Tun sie doch gar nicht!, höre ich. Nicht? In ihrem Kommentar im ‹Tages-Anzeiger› vom 19. Juni schreibt Raphaela Birrer über frei stehende Solarstromanlagen in den Alpen und Windparks, «in der konkreten Umsetzung erschwert der nach wie vor unerbittliche Widerstand von Naturschützern den Erfolg solcher Projekte». Tatsächlich? War es nicht der ‹Tagi›, der ausführlich berichtete, wie eine Nationalrätin der SVP an ihrem Wohnort Hagenbuch eine Abstandsregel für Windräder durchbrachte, die deren Bau erstens verunmöglicht und zweitens nicht mit übergeordnetem Recht kompatibel sein dürfte? Und druckt die NZZ nicht seitenlange Porträts von bürgerlichen Männern, die in Schlössern leben und sich angeblich nur deshalb gegen Windräder einsetzen, weil diese die Landschaft verschandelten? Zum Glück sind unsere Autobahnen schon gebaut…

Raphaela Birrer schreibt weiter, «im Hinblick auf den mittelfristigen Strommix muss zudem die Rolle der CO2-neutralen Atomkraft offen und ideologiefrei diskutiert werden». Warum muss sie denn das? Um Atomkraft ging es nicht bei der Abstimmung vom 18. Juni. Und der Bau neuer AKW in der Schweiz ist verboten, weil die Mehrheit der Stimmberechtigten erst vor gut sechs Jahren, am 21. Mai 2017, an der Urne den Atomausstieg beschlossen hat.
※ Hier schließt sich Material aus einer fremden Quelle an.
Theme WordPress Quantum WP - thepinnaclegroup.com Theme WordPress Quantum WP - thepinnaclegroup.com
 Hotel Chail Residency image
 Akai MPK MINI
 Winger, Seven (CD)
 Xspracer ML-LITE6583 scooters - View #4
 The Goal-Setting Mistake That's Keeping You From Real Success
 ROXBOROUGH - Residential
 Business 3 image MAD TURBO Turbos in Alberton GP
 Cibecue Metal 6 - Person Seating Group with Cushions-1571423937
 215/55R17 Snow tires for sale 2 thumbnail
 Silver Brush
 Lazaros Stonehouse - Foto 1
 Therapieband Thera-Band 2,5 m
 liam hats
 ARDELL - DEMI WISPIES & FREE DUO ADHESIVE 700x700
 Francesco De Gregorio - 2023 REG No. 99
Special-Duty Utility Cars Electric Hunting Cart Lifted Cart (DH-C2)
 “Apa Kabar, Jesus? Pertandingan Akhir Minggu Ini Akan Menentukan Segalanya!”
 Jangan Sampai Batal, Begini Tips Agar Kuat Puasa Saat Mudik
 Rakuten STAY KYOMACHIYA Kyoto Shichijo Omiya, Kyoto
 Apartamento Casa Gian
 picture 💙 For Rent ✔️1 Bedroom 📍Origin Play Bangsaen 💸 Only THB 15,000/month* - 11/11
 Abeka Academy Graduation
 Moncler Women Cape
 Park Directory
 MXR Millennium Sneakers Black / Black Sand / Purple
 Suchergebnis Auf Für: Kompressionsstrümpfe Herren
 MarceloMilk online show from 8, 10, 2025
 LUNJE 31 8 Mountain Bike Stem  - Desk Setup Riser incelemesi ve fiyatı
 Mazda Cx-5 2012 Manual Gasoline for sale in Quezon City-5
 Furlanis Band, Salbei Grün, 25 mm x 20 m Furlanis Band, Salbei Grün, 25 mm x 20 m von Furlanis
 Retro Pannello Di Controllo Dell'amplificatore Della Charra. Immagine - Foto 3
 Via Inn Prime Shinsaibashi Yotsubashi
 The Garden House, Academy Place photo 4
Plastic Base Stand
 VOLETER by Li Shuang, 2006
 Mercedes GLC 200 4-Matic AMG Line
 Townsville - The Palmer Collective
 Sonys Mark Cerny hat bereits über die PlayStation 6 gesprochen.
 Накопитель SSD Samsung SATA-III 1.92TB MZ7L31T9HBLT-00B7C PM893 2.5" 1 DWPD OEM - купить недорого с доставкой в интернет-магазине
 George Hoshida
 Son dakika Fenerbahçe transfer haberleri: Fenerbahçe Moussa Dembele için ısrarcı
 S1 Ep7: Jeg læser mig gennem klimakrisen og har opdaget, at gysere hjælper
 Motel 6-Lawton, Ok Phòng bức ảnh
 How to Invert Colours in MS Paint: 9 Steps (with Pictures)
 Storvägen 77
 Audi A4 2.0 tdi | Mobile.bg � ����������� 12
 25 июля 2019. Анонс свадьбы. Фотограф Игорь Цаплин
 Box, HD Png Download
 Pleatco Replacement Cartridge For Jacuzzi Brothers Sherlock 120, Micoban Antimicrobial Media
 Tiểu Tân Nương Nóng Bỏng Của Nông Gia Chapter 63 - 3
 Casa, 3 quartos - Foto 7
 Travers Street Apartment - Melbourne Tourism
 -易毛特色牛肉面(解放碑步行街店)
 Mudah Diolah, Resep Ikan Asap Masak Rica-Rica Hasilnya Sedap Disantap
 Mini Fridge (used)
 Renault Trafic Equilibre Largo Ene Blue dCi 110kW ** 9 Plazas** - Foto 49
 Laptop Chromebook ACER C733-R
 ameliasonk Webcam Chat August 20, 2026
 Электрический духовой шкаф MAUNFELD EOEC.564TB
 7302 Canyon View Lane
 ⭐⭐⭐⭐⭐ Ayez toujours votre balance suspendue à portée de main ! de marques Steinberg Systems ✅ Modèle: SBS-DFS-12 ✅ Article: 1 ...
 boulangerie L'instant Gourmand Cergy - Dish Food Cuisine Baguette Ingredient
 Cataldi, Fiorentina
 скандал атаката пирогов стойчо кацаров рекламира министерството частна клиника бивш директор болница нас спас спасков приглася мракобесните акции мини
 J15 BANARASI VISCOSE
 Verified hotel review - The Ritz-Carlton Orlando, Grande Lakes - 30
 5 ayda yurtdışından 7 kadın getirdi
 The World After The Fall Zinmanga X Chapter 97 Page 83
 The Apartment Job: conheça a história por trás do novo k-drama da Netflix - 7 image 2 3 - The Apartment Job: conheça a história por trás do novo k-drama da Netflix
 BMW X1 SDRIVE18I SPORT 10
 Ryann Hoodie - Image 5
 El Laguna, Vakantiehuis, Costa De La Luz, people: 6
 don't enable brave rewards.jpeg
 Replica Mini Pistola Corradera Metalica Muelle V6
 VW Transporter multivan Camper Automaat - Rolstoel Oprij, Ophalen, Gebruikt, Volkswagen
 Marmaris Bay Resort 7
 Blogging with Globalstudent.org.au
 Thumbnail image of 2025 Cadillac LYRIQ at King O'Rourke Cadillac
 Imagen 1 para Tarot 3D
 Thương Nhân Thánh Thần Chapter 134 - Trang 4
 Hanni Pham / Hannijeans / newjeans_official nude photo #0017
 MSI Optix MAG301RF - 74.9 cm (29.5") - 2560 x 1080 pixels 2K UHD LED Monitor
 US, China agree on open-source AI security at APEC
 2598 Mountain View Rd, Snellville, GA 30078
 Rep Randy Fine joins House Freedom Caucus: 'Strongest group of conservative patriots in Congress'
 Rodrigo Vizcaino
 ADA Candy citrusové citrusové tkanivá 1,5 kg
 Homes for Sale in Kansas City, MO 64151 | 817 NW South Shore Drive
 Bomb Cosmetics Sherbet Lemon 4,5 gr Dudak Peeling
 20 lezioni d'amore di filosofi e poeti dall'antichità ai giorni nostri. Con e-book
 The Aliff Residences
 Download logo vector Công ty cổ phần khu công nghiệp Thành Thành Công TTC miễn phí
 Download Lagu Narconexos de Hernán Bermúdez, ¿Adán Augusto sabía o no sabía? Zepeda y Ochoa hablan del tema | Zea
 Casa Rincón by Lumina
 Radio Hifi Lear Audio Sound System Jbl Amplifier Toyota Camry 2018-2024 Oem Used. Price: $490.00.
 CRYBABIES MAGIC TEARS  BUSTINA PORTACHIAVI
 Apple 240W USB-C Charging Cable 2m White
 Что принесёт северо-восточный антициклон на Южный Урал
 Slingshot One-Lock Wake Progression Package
Den ‹Tagi› kümmert das nicht: Anlass zu dieser «offenen und ideologiefreien» Diskussion werde die Blackout-Initiative bieten, «die das AKW-Verbot aufheben will». Warum aber sollen wir darüber diskutieren, lange bevor die nötigen Unterschriften gesammelt sind und die Initiative eingereicht ist? Weil es die SVP und die halbe FDP so wollen – und der ‹Tagi› ihr Sprachrohr ist?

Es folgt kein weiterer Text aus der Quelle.